Frederick and Elizabeth lived the rest of their lives in exile, and as a consequence their ‘royal issue’ were raised in Protestant lands. Sophia grew up in the Netherlands while her brothers lived in England. Upon the English Civil War, the Palatines split– Charles-Louis (the oldest) siding with the Presbyterian (Long) Parliament while his brothers, Rupert and Maurice, sympatized with King Charles. Upon Cromwell’s removal of the Presbyterian parliament, Charles-Louis returned to Palatine lands, and after the Peace of Westphalia was concluded, his ancestral estate was given back to him. Sophia also received a likewise endowment, i.e., Hanover. The significance of the Westphalia Treaty was not only repatriating household lands to Palatine Royals, but more incredibly a permanent affirmation of the protestant/provinicial principle, “the faith of the prince is the faith of the realm”, as first expressed by German Princes in 1529 at Speyer.
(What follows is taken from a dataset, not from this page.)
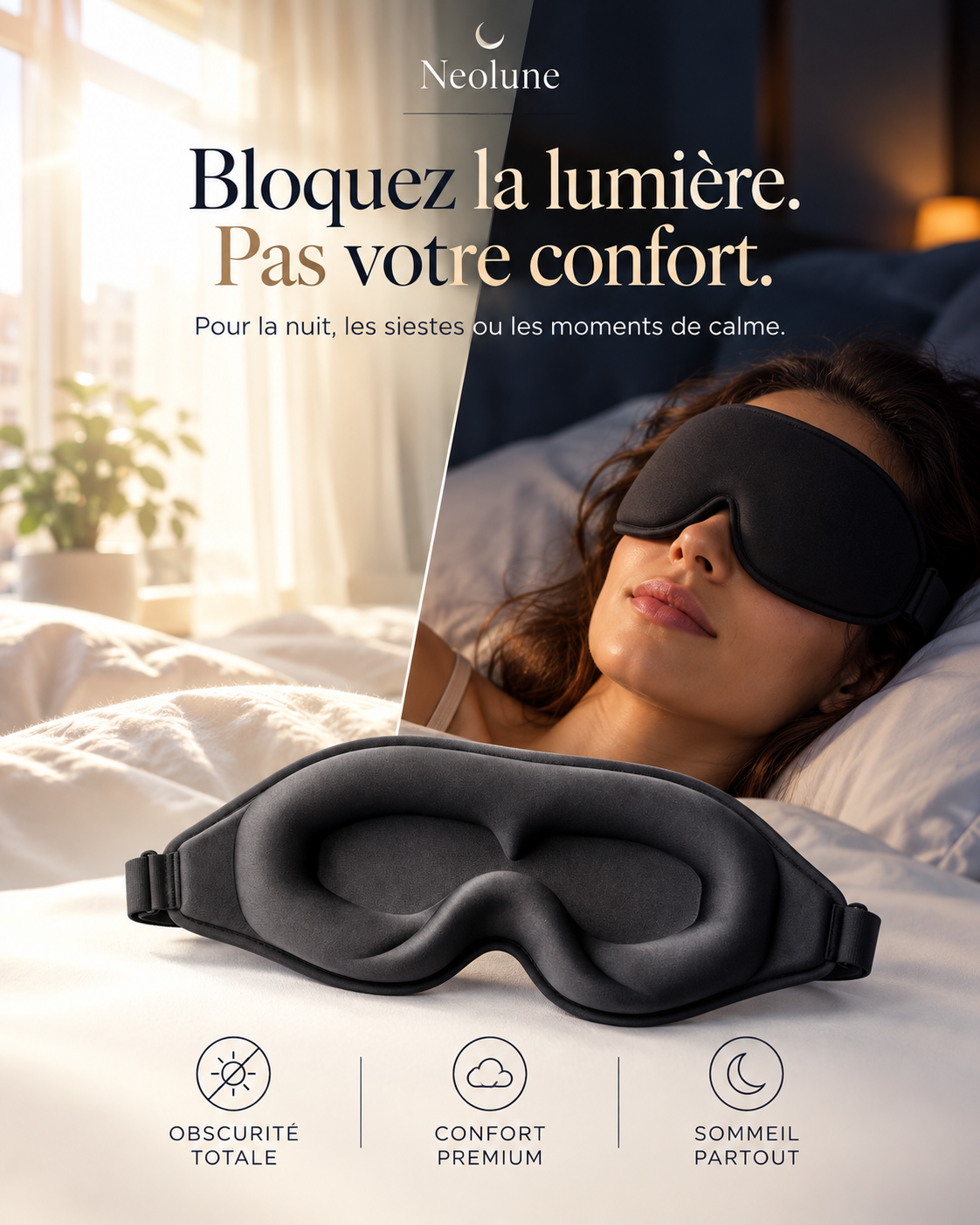 Masque de sommeil 3D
When discussing Anglican ‘protestantism’, there too often is an itch to compare Anglicanism with Reformed confessions. While this may have a use, the etymological sense of the term is missed. The original context of the word “protestant” was first used in 1529 to describe the demands of German Princes before the Emperor. In Speyer, the Princes claimed four things: 1. the liberty of the King to reform the provincial church through the convocation of clergy; 2. A right to reform the Mass, a harbinger for Common Prayer, basically serving “both kinds” of sacrament to the people; 3. A pledge to harshly suppress Anabaptism and other fanaticism; 4.To wait for a free general council with the Bishop of Rome and other Germans to resolve doctrinal differences. The Council of Trent proved to protestants a free council was not coming. After 1545 protestants therefore attempt to iron out differences by regional synods. These end in failure, partly due to war, also due to insurmountable opinions on sacrament. What’s ironic was how marriage, patronage, and protection between Princes nearly aligned Protestant Europe through the English house. Within this network divines and treatises circulated. This was perhaps the closest the Church of England would get to a substantive ecumenicism, and if the rights to the Crown had continued, Frederick’s dream of a northern protestant union might bore fruition.
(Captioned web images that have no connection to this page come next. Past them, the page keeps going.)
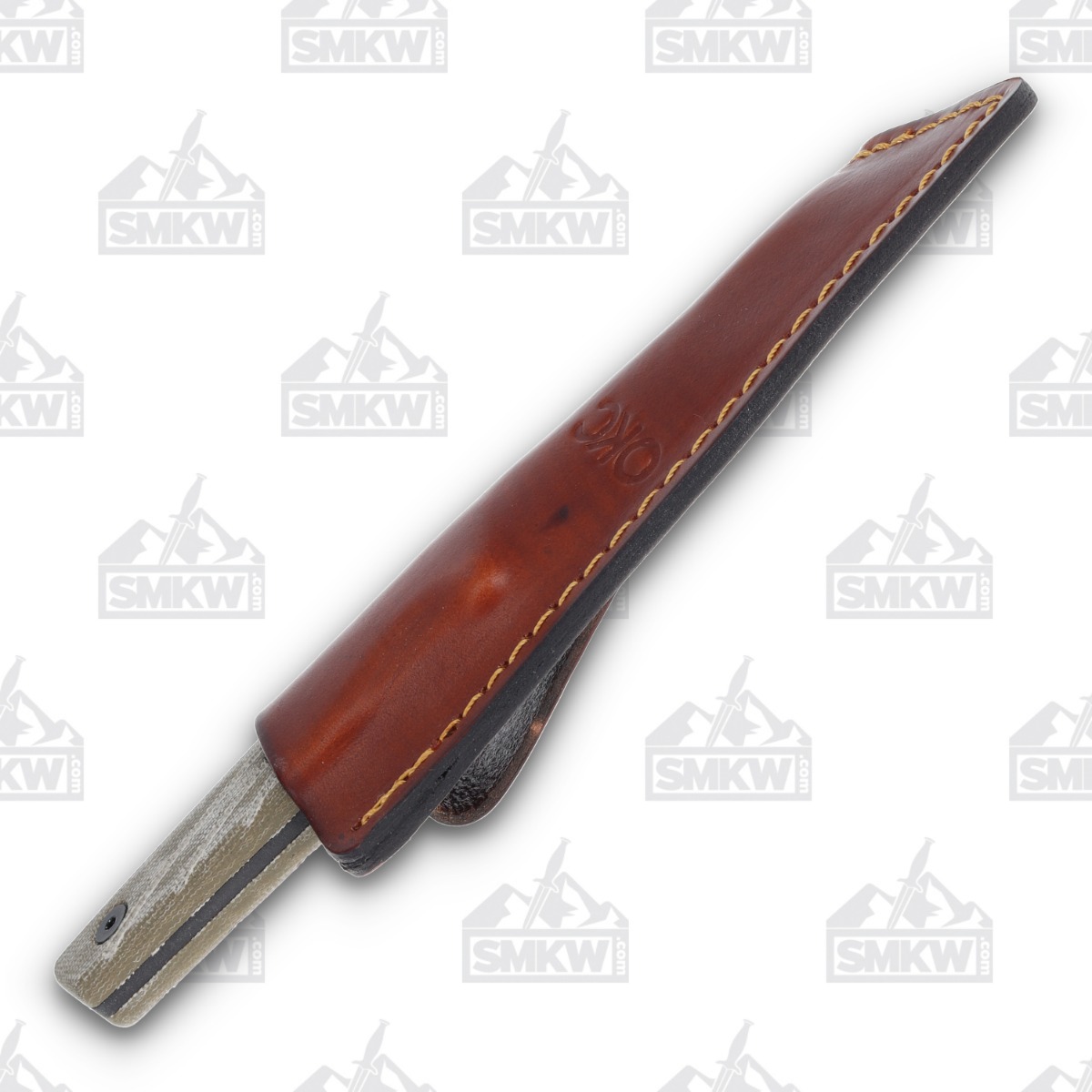 Ontario Small Besra 3.25in Plain Sheepsfoot Fixed Blade Tan OKC9002 View 7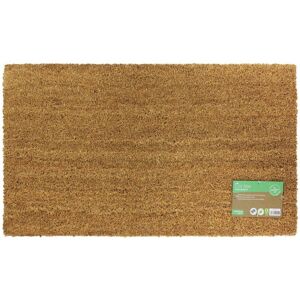 JVL Eco Friendly Manor Latex Coir Door Mat - 40x70cm Natural JVL Eco Friendly Manor Latex Coir Door Mat - 40x70cm Natural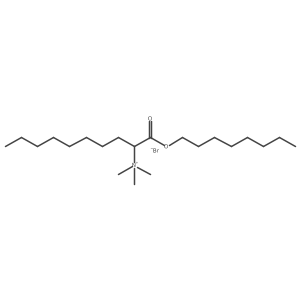 N,N,N-Trimethyl-1-(octyloxy)-1-oxo-2-decanaminium bromide结构式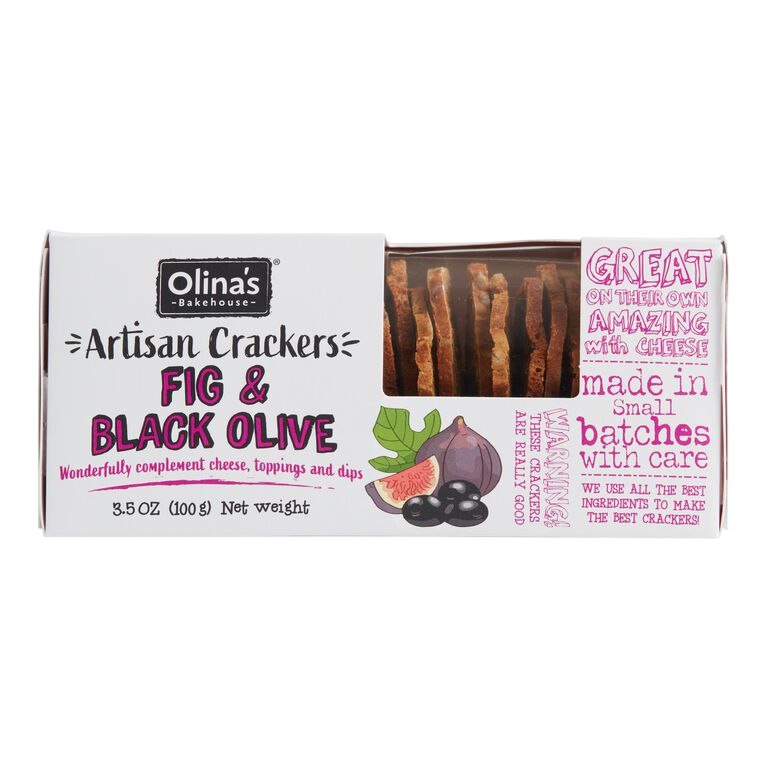 Olinas Bakehous Fig & Black Olive Crackers 100g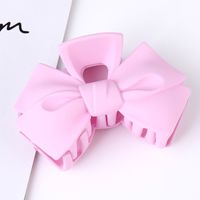 Sweet Solid Color Bow Knot Plastic Hair Claws sku image 9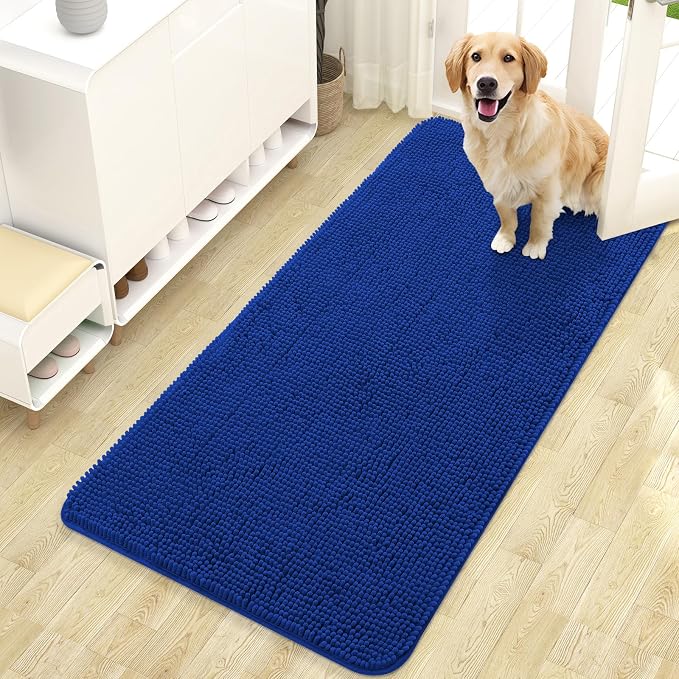 OLANLY Dog Door Mat for Muddy Paws 47x24, Absorbs Moisture and Dirt, Absorbent by OLANLY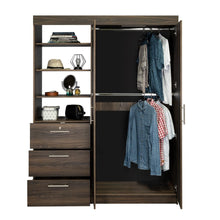 Closet Pekín, Caoba, con Dos Puertas Abatibles y Tres Cajones Organizadores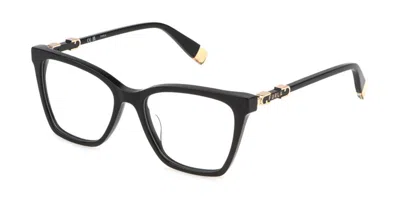 Furla Vfu833 Men's Glasses, Black, Size 52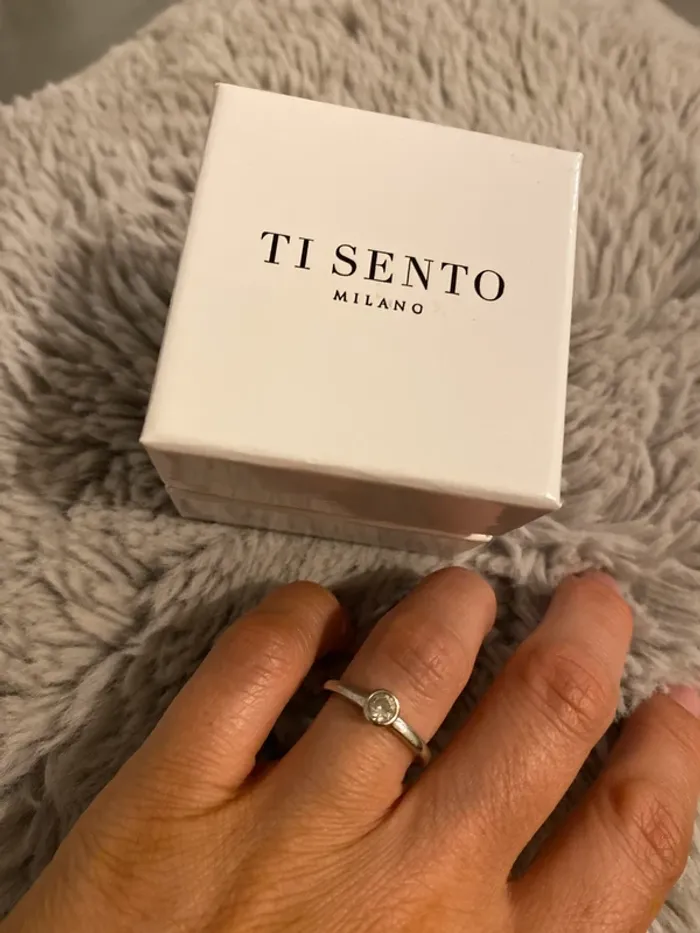 Bague argent solitaire oxyde de zirconium - Ti Sento Milano - photo numéro 3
The above demonstrates Protestantism’s conservative and catholic nature– desiring an ‘orderly reformation’, re-establishing proper provincial and lay authority in the church, but also doing this without isolation, keeping an eye upon correcting Rome. The scandal Reformed Catholics face today is allowing both Anabaptists and Rome to tar the name Protestant, so we loose sight of its magisterial origins and possibilities.